Erwarten Sie tatsächlich, dass Vereine dagegen vorgehen werden?

Steinbach:
Ich kann es mir nicht vorstellen, aber denkbar ist es. Und bei einigen Vereinen sicherlich nachvollziehbar. Gerade wegen der Aufstiegs-/Abstiegsregelung nach § 93 SpO, die nun abgestimmt wurde. Wenn ein Verein nun in den kommenden zwei, drei Spielen gegen vermeintlich schwächere Gegner spielt und sich bei einem Sieg der Quotient ändern würde, kann der Zeitpunkt des Abbruchs, ohne Chance nochmals zu spielen, nun über Aufstieg- und Abstieg entscheiden. Ich habe in den letzten Tagen schon mitbekommen, wie viele Spieler, Trainer und Funktionäre enttäuscht gewesen sind über das Ergebnis bezüglich Aufstiegs-/Abstiegsregelung.

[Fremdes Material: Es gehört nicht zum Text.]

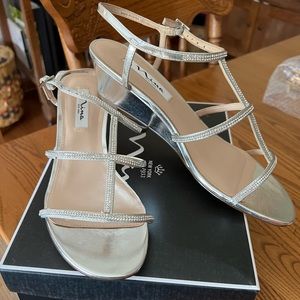 Nina NWOT Silver Metallic wedge sandals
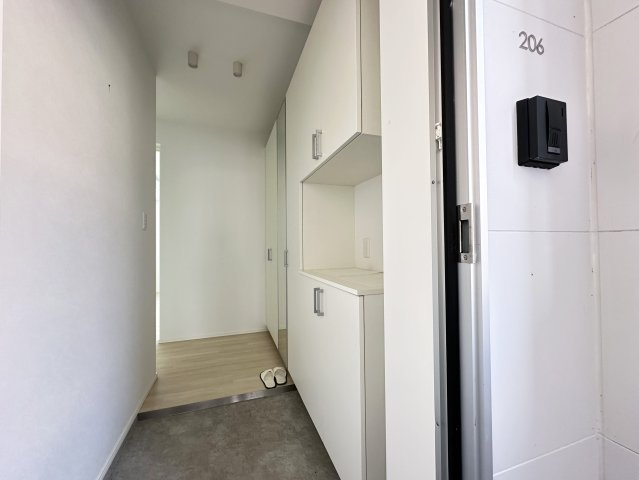 リーヴァかもべⅡの玄関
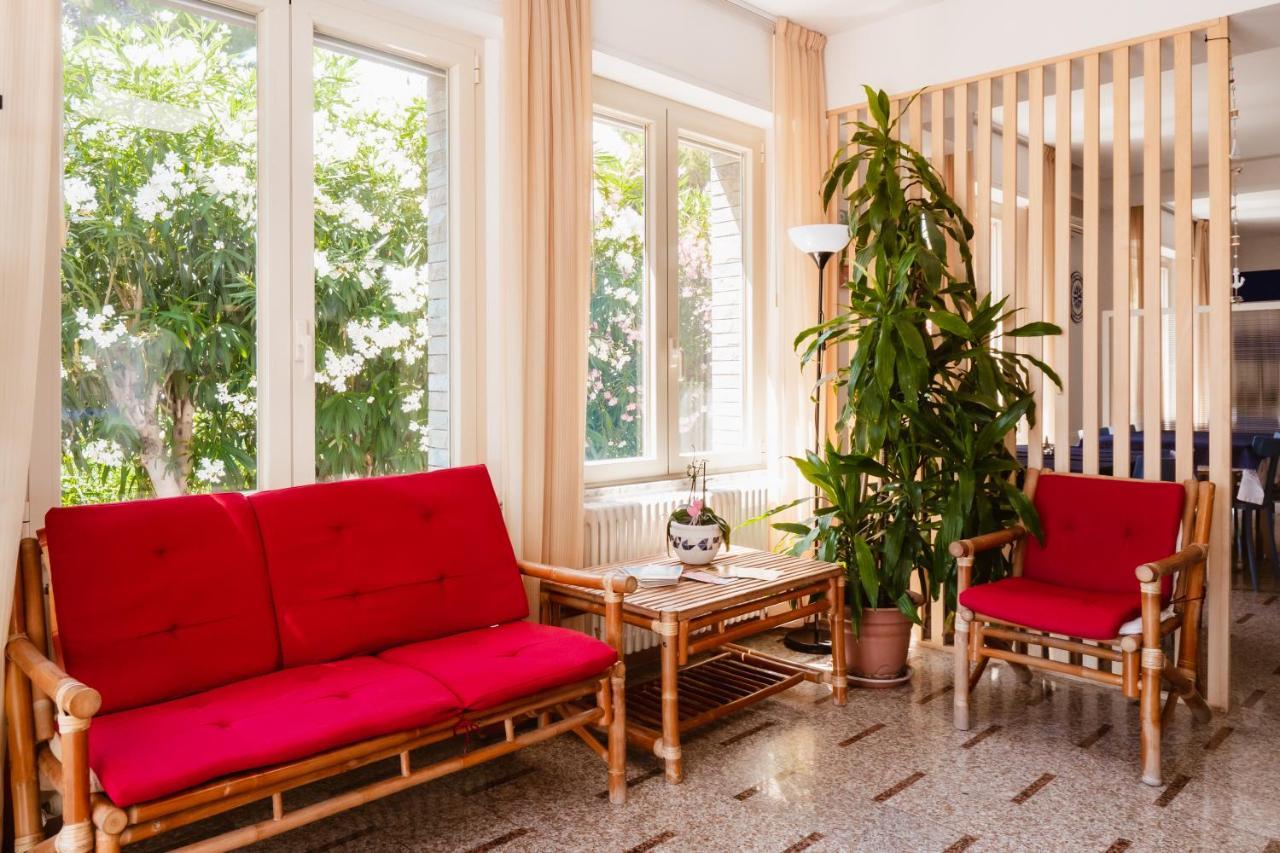 Hotel Villa Del Mare Senigallia Extérieur photo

Gerade durch die nun getroffenen Regelungen, kann es dabei eben auf jedes Spiel ankommen.

Sehr viel Recht und Verfahren – eigentlich nicht das, was den Sport ausmachen sollte und sicher die überwiegende Mehrheit ermüdet. Abschließend bitte daher auch noch eine Einschätzung als Fußballer zur aktuellen Lage. Wäre das überhaupt sinnvoll noch einmal die Saison anlaufen zu lassen?

Steinbach:
Ja, das ist alles sehr unschön! Aber man darf nicht vergessen: für viele hängt bei der Ligazugehörigkeit selbst in den untersten Ligen einfach viel Herzblut. Und das viele Recht und Verfahren hätte nicht so weit kommen müssen. Ein frühzeitiger Abbruch wäre eine klarere Sache gewesen. Ein großzügiger Aufstieg und kein Abstieg hätte auch dazu geführt, dass sich wahrscheinlich niemand über seine Ligazugehörigkeit in der kommenden Saison beschwert hätte und daher auch niemand einen Grund zur Klage gehabt hätte.
Als Fußballer ist das für mich alles immer absurder geworden. Erst eine Regelung, mit der man als Amateur plötzlich alle zwei Tage spielen soll, einführen und jetzt von dieser Regelung doch keinen Gebrauch machen? Ein fairer Wettbewerb war doch nach der ersten Pause letztes Jahr schon nicht mehr gewährleistet. Dass jetzt nicht mehr gespielt wird, ist daher in meinen Augen sehr zu begrüßen und die absolut richtige Entscheidung. Nur kann dem BFV durch seinen eigenen Kurswechsel hier nun doch noch etwas auf die Füße fallen.